El inglés, de 38 años, rechaza el título obtenido tras obtener en la ciudad de Forero y Egan Bernal la 163ª victoria de su carrera: “El sprint es una república”.
El pelotón acelera veloz por los toboganes de la autopista de la Sabana de Bogotá hacia Zipaquirá, donde tanto frío pasó García Márquez estudiando el bachillerato interno en el liceo, y Mark Cavendish se queda y vuelve, y sus compañeros, Lutsenko, Tejada, le esperan y le retornan, y se queda y vuelve. Tienen casi todos, salvo el inglés, Gaviria, Persico, Bonifacio, el barranquillero Soto, la media docena sprinters, la vista puesta en los cerros que la rodean y el pensamiento en el Alto del Vino, la subida que el sábado decidirá el campeón.
Unos piensan en la victoria del día, otros en la victoria de mañana y pocos piensan en la historia, en que, tan apropiadamente, Zipaquirá significa en lengua muisca la novia del Zipa, la mujer del cacique, y ahí nació Efraín Forero, el Indomable Zipa, el ciclista cuya victoria en la primera Vuelta a Colombia, en 1951, supuso una tregua en la feroz guerra civil de la gran violencia, y un nuevo sentimiento colectivo en un país despedazado. En Zipaquirá también nació Egan Bernal, el niño maravilla, y la carrera pasa en un visto y no visto ante el hospital en el que el primer colombiano que ganó el Tour, ya en 2019, un chavalín de 22 años, resucitó de las heridas de su grave accidente, hace dos años, y ante el mural hermoso con que su tierra celebra su vida. Dos caciques.
Y allí, pasadas las distracciones, en su burbuja, Cavendish, quizás el más grande sprinter puro de la historia, solo tiene ojos, recta final, para la rueda trasera de su lanzador, el coloso neerlandés Cees Bol, que atraviesa el pelotón impetuoso, una mole imparable. Ante la tele, su hijo Finn, 18 años, se tiene que levantar de la silla y dejar de mirar la pantalla, tanto le tiemblan las piernas, tantos los nervios, la angustia, le inundan, como un aficionado ante una serie de penaltis de su equipo en una gran final. A 250 metros de la línea, a su izquierda, un reflejo azul en la valla, un flash, le avisa de que a la velocidad de la luz Fernando Gaviria, su mejor rival, al que nunca ha podido derrotar en América, ha arrancado. Cavendish se lanza también. Ágil salto le da preferencia de paso. Gaviria solo puede intentar remontar por el interior, entre la valla y Cavendish, que hábilmente le cierra el paso extendiendo su codo izquierdo. Gaviria desiste del sorpasso per la sinistra. Levanta el pecho. Media rueda antes ya el inglés ha cruzado la línea de meta.

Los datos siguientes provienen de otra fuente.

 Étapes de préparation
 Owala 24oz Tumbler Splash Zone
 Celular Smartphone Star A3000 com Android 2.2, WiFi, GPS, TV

El cohete ceja en su esfuerzo y sonríe bajo el cepillo de su bigote mirando a la bala inglesa doblado sobre la barra, pasar a su derecha lanzando la bici. Cavendish, maestro de la velocidad y la volata ha actuado como él mismo habría actuado, justo como hizo hace tres días en Duitama, bailando sobre su bici de izquierda a derecha para evitar el paso entre su izquierda y la valla del italiano Persico. Después, los dos se abrazaron calurosos, y quizás Gaviria recordaría entonces otra llegada, la de la última etapa del último Giro, en Roma, en la que medio pelotón, Gaviria incluido, contribuyó con su ayuda a que Cavendish se despidiera de la corsa rosa con una victoria. “Me acuerdo de Gaviria cuando era un chaval. Fue hace 10 años. Saltó de mi espalda y me ganó dos veces en Argentina. Y le conozco desde entonces”, dice el sprinter del Astana. “Estuvo en mi casa en 2016. Mi mujer le lavó la ropa y cenamos juntos. Le he visto crecer de niño a hombre”.